# Required work
Although the records contain pictures, none belong in the copy: restate word for word only the lines from the one with "A picture of step 2 of Masala Milk." through the one with "料理はどれも豪華で美味しかったです!", both included.

# Records for this task
=-=-=

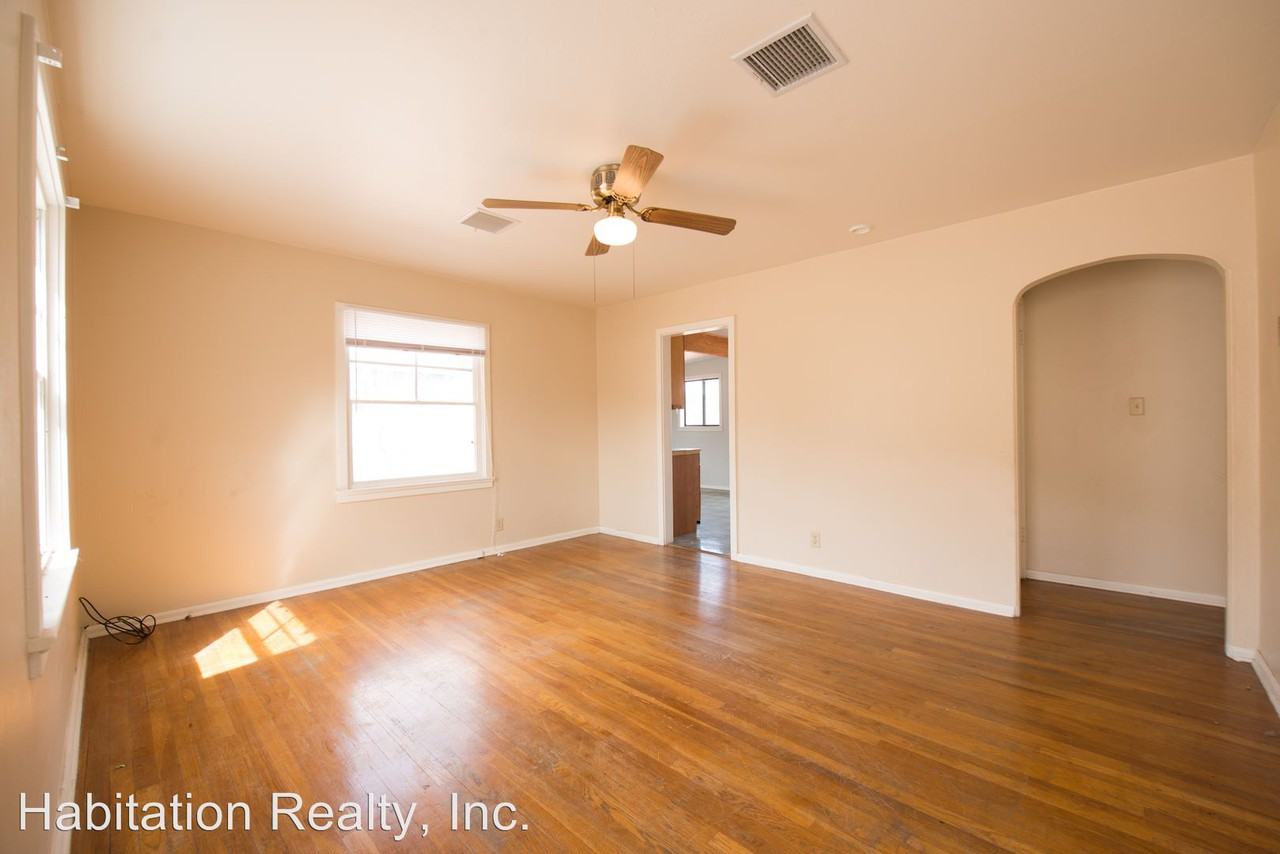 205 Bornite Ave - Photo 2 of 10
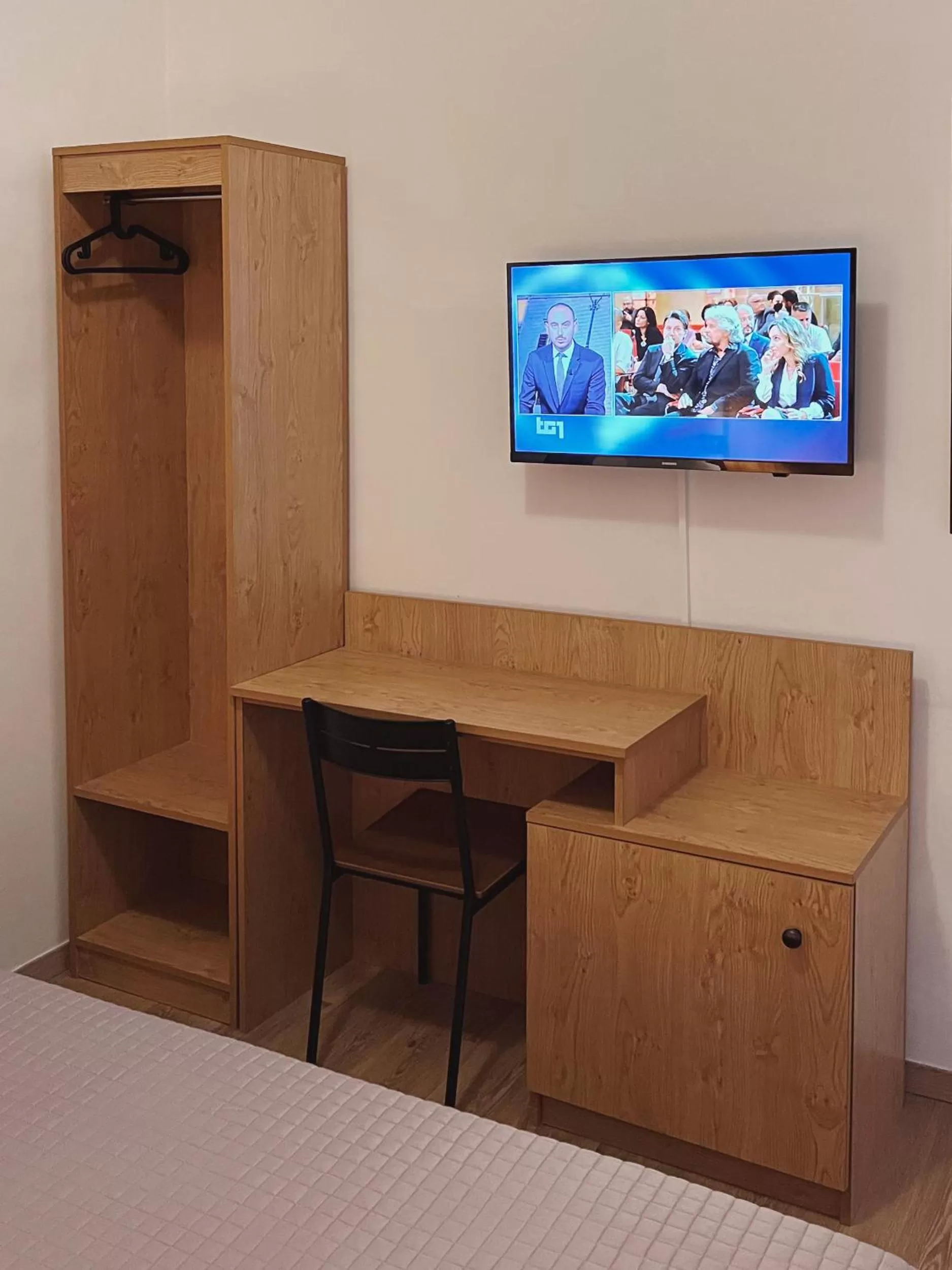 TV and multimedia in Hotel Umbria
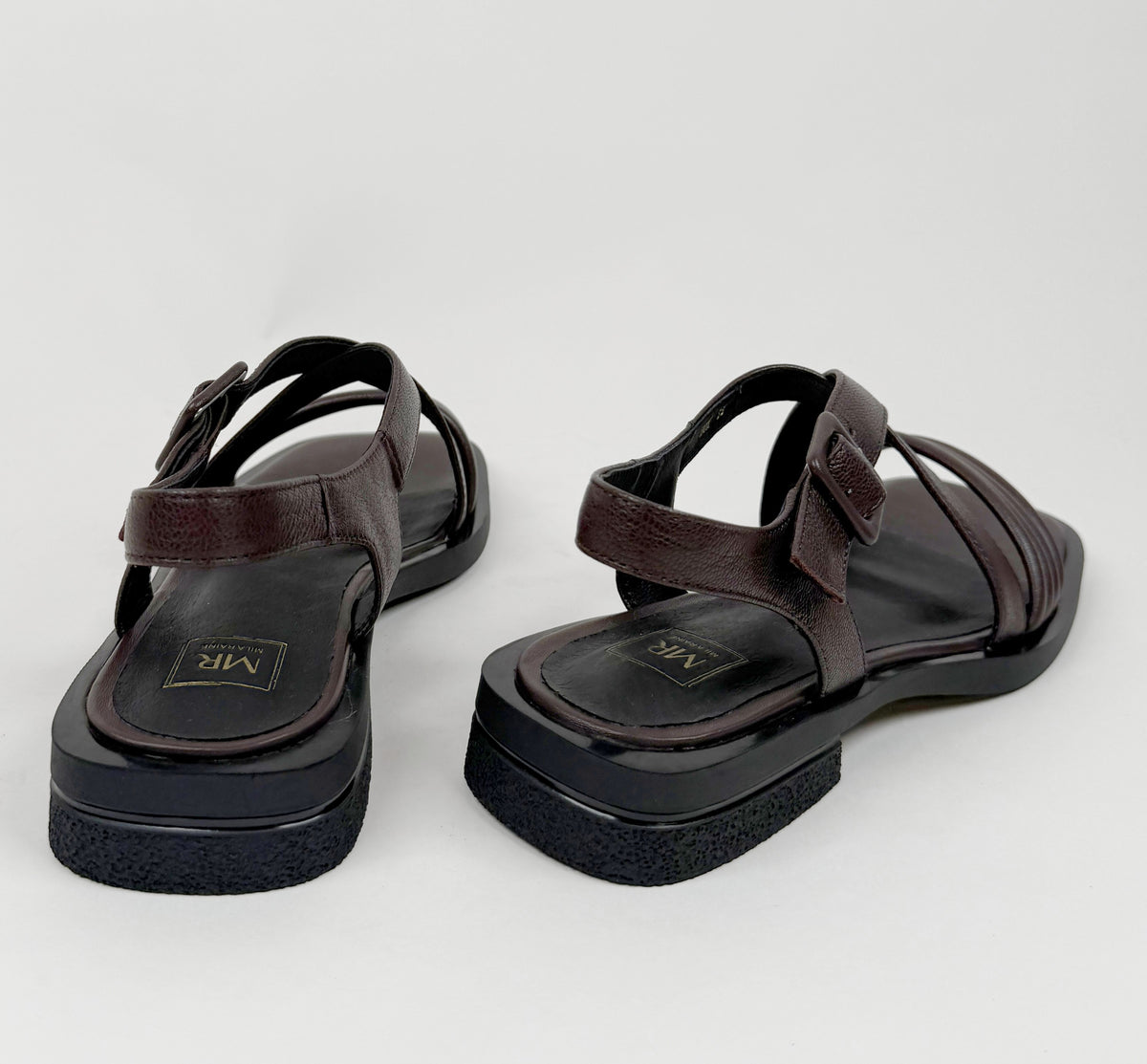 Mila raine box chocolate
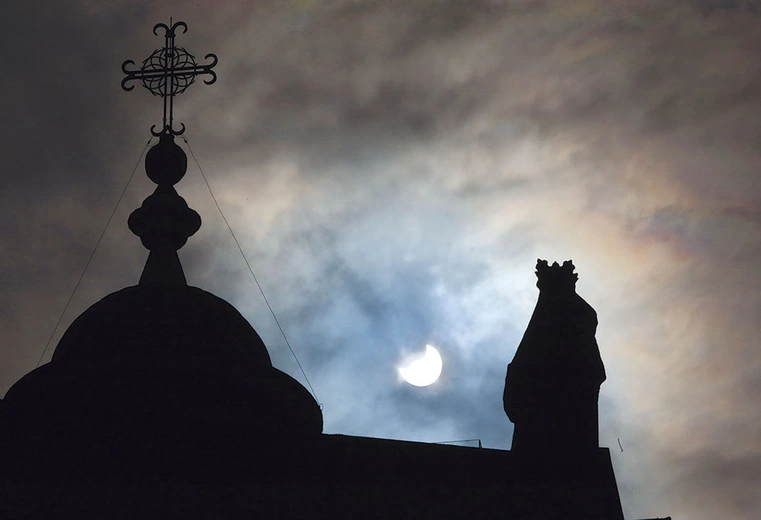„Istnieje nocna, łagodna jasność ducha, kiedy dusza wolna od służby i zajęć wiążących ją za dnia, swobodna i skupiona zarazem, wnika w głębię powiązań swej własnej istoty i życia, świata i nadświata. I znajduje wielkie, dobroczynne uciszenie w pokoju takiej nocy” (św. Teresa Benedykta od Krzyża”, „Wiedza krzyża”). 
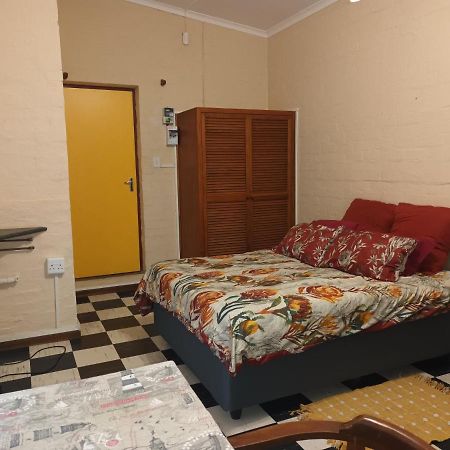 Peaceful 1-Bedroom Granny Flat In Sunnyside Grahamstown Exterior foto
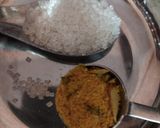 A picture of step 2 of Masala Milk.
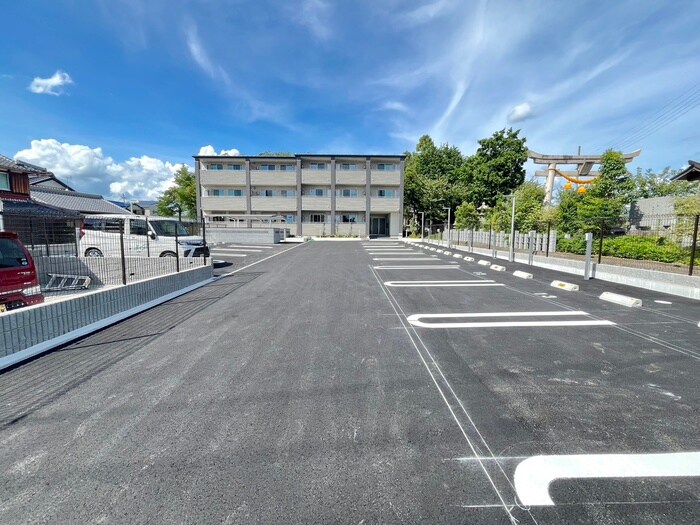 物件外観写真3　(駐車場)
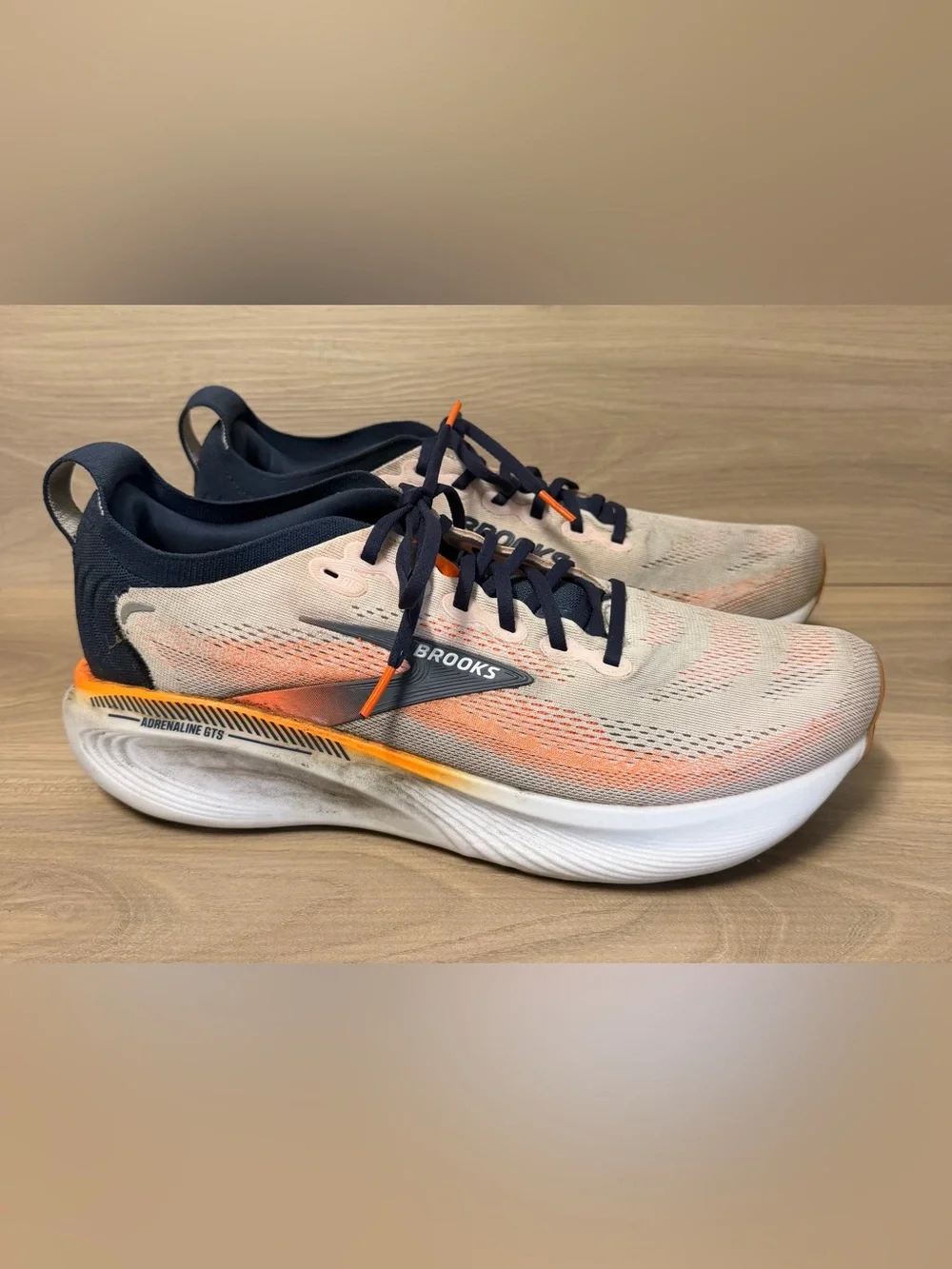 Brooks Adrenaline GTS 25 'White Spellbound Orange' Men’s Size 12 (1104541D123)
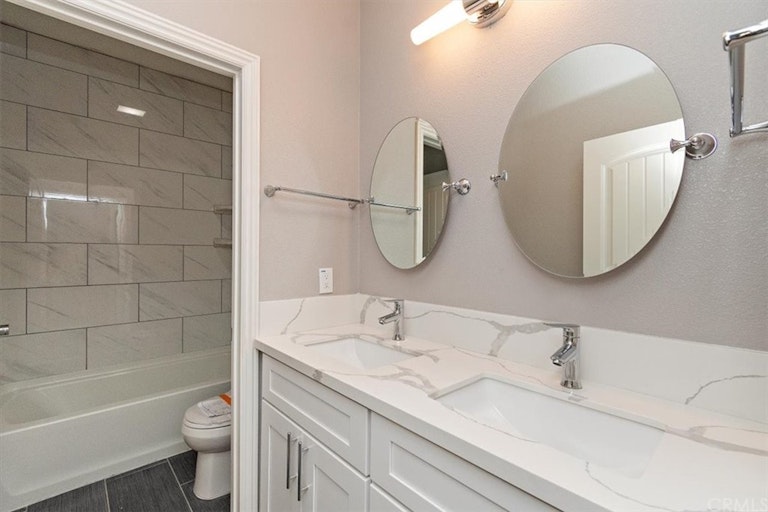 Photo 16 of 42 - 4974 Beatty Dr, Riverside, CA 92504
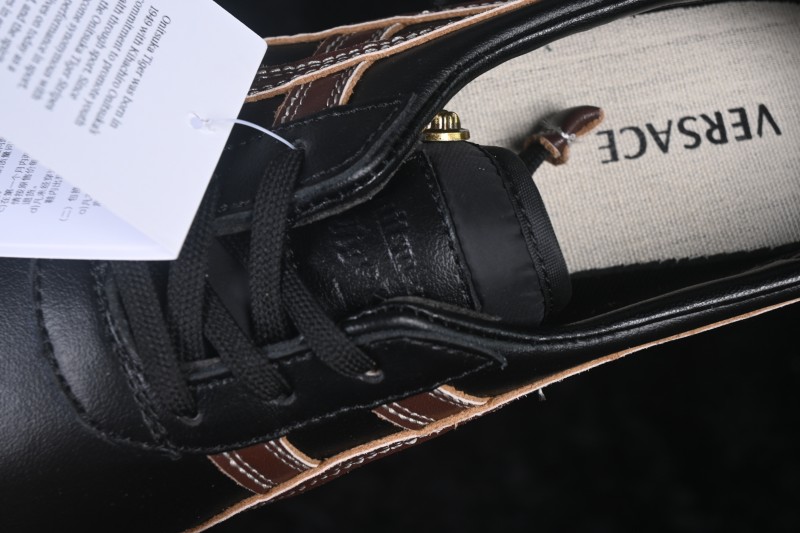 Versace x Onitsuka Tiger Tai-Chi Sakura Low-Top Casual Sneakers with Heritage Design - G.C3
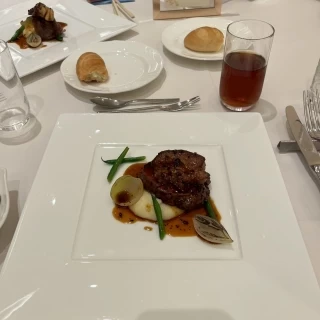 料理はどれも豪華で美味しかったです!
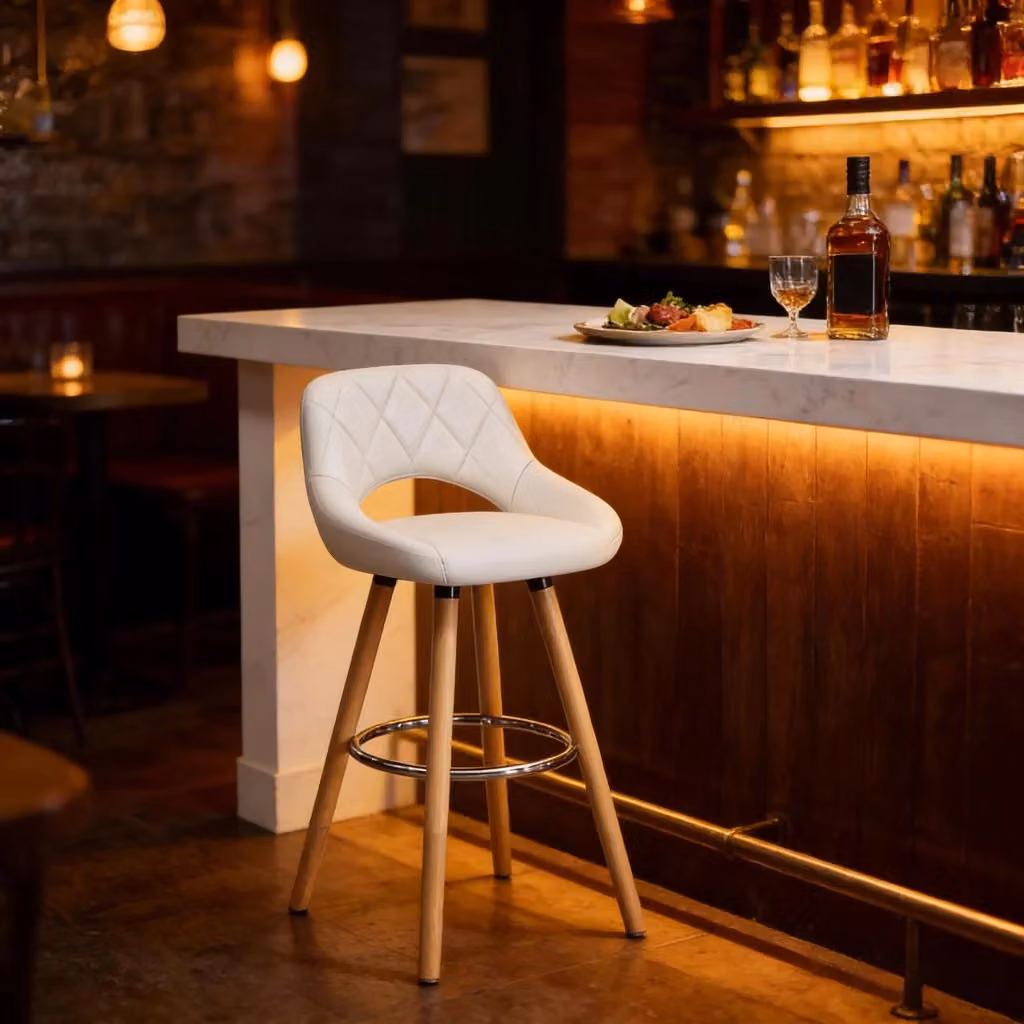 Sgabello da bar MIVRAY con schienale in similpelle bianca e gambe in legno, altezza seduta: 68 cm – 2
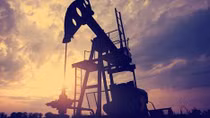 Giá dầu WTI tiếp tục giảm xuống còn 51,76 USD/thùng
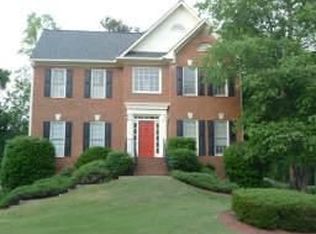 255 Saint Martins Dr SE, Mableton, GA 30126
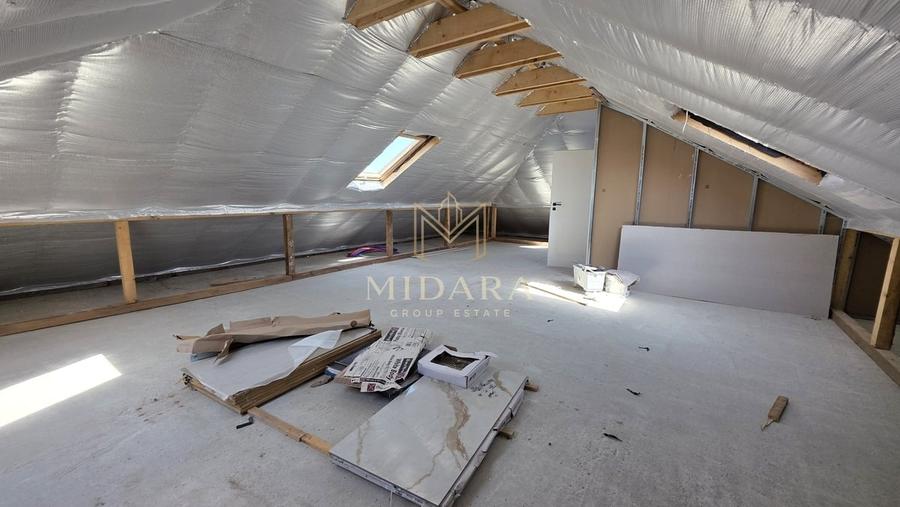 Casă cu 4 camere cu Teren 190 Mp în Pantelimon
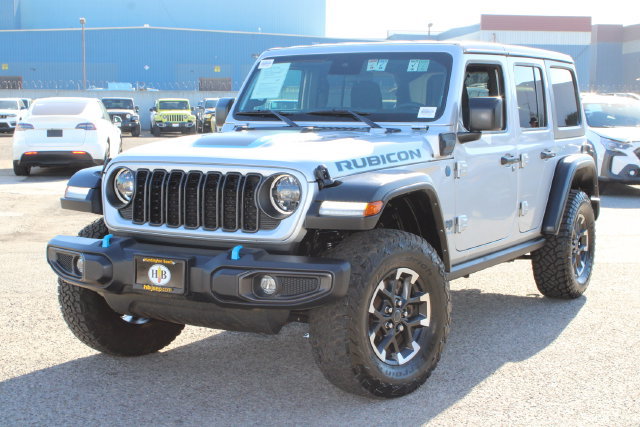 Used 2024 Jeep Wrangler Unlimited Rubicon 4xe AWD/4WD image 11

=-=-=

# Response below
 A picture of step 2 of Masala Milk.
 物件外観写真3　(駐車場)
 Brooks Adrenaline GTS 25 'White Spellbound Orange' Men’s Size 12 (1104541D123)
 Photo 16 of 42 - 4974 Beatty Dr, Riverside, CA 92504
 Versace x Onitsuka Tiger Tai-Chi Sakura Low-Top Casual Sneakers with Heritage Design - G.C3
 料理はどれも豪華で美味しかったです!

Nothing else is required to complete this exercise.